[Exercise data]:
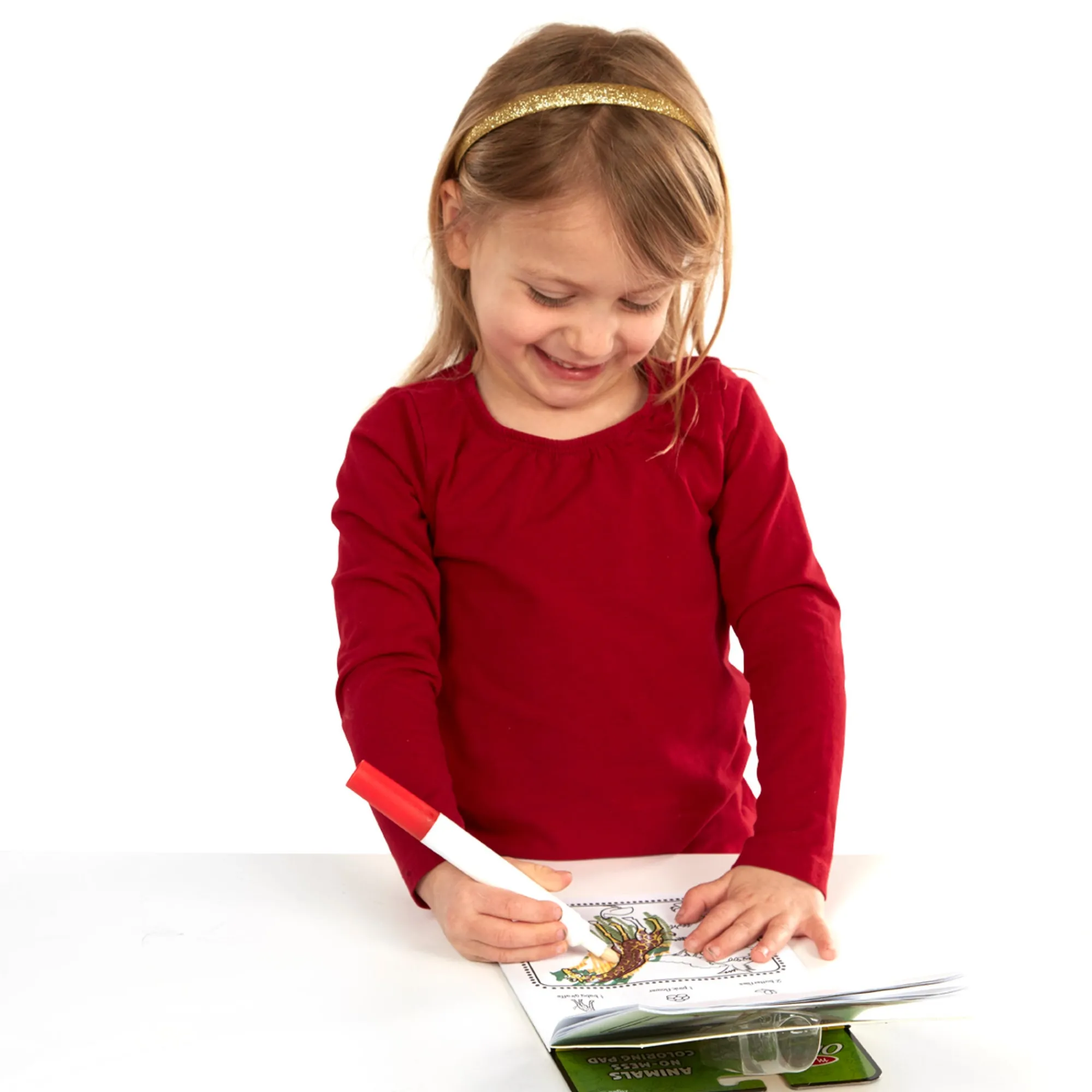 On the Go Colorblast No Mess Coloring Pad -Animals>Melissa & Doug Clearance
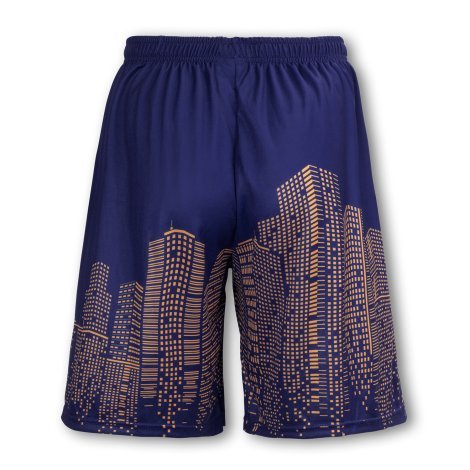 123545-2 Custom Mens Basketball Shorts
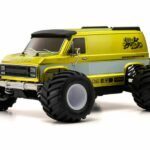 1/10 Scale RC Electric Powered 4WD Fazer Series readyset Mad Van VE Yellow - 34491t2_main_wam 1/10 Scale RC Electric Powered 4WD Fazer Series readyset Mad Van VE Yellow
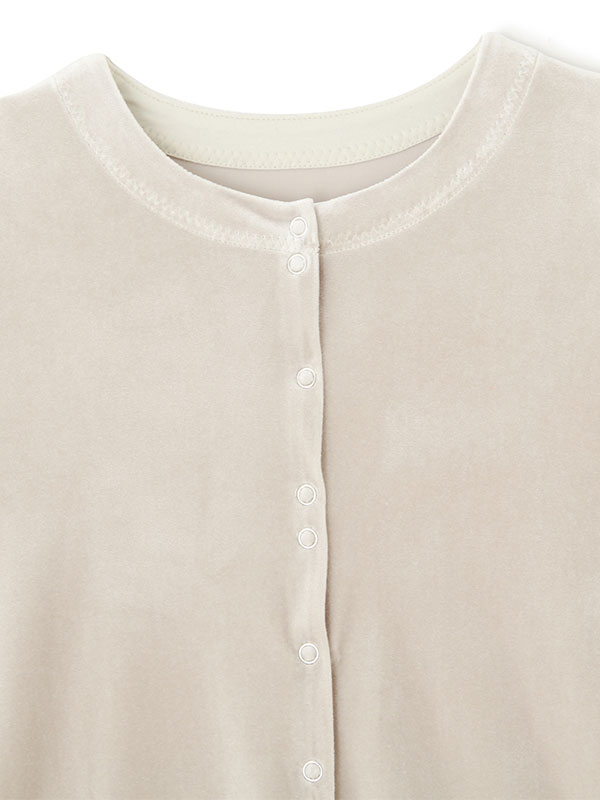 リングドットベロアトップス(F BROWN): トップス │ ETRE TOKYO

[Required work]:
Repeat, exactly and in full, all the material above except its pictures.

[Exercise output]:
 On the Go Colorblast No Mess Coloring Pad -Animals>Melissa & Doug Clearance
 123545-2 Custom Mens Basketball Shorts
 1/10 Scale RC Electric Powered 4WD Fazer Series readyset Mad Van VE Yellow - 34491t2_main_wam 1/10 Scale RC Electric Powered 4WD Fazer Series readyset Mad Van VE Yellow
 リングドットベロアトップス(F BROWN): トップス │ ETRE TOKYO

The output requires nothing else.